Fixed Income , Monthly Strategic Insight , Themen

Long EUR & tactical exposure to the CAD

CURRENCY STRATEGY

Long EUR & tactical exposure to the CAD

With the dollar – marred by weak data coming out of the US and the Federal Reserve’s cautious approach – continuing to weaken, the Euro appears to be the currency of choice for foreign investors. With acceleration in the activity cycle, better macro-economic indicators and a central bank that looks set to taper its QE, the long Euro trade appears to have legs, in spite of the recent strong performance. Elsewhere, the Canadian dollar also holds a positive score, on the back of an improving activity cycle and a central bank that has turned more hawkish recently.

Though rate differentials remain penalizing, the Yen – based on our long-term framework – appears attractive. In the current environment of geopolitical uncertainty and the heavy dose of event risk present, the Yen remains an attractive safe haven and a diversifying asset.

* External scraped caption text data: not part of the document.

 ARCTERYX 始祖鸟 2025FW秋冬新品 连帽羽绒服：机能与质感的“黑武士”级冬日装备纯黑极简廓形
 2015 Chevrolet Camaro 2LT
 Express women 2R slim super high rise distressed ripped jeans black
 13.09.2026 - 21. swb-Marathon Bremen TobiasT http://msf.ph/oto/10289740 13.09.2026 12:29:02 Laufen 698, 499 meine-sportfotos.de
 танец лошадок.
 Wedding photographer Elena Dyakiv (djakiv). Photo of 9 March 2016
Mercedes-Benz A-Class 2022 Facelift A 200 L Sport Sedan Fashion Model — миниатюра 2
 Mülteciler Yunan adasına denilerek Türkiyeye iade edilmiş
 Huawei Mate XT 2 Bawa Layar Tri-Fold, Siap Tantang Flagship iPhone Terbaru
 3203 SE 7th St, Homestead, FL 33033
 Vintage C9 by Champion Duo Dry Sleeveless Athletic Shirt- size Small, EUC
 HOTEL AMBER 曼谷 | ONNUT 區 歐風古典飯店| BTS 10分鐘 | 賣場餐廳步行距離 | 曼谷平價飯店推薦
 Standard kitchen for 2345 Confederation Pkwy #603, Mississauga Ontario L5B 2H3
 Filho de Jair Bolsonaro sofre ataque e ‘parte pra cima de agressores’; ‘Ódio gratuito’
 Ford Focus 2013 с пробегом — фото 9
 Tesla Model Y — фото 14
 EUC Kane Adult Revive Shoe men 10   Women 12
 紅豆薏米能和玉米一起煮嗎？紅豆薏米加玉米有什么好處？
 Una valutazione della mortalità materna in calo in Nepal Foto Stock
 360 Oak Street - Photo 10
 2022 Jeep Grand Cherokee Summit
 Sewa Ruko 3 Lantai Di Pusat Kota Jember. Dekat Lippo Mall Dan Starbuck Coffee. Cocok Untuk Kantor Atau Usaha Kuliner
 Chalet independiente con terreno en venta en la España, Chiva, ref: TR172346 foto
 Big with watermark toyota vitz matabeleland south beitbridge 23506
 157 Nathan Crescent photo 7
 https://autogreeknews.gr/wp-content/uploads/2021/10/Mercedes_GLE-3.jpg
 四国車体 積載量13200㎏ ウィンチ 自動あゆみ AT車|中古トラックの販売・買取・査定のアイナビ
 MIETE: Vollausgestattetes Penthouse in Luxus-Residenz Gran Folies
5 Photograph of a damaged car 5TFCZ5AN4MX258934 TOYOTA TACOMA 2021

Emerging currencies: Overweight Commodity FX vs. Underweight Low-Yielding Asian Currencies

EMFX has rebounded since the beginning of the year on the back of solid EM growth momentum and the more synchronized global growth extending to the Eurozone and Japan. We expect this trend to continue, notwithstanding some volatility around monetary-policy normalization and balance-sheet unwinds in core markets like the US and the Eurozone. We hold a long EMFX position vs. the US Dollar, with overweights in cheap commodity currencies like the Russian Ruble (RUB), the Peruvian Sol (PEN), the Indonesian Rupiah (IDR) and the Malaysian Ringgit (MYR), on expectations that these currencies will outperform due to their high real yields and relatively strong external positions. We continue to be overweight the Thai Baht (THB) on strong external balance-sheet dynamics and the Turkish Lira (TRY) on attractive long-term valuation grounds and tight CB monetary policy.

These overweights are partially offset by a structural underweight in the Chinese Yuan (CNH) and tactical underweights in the Philippine Peso (PHP). The CNH is expected to continue depreciating in the medium term due to the liberalization of its capital account and slower growth. The PHP is also suffering from fast-deteriorating external accounts.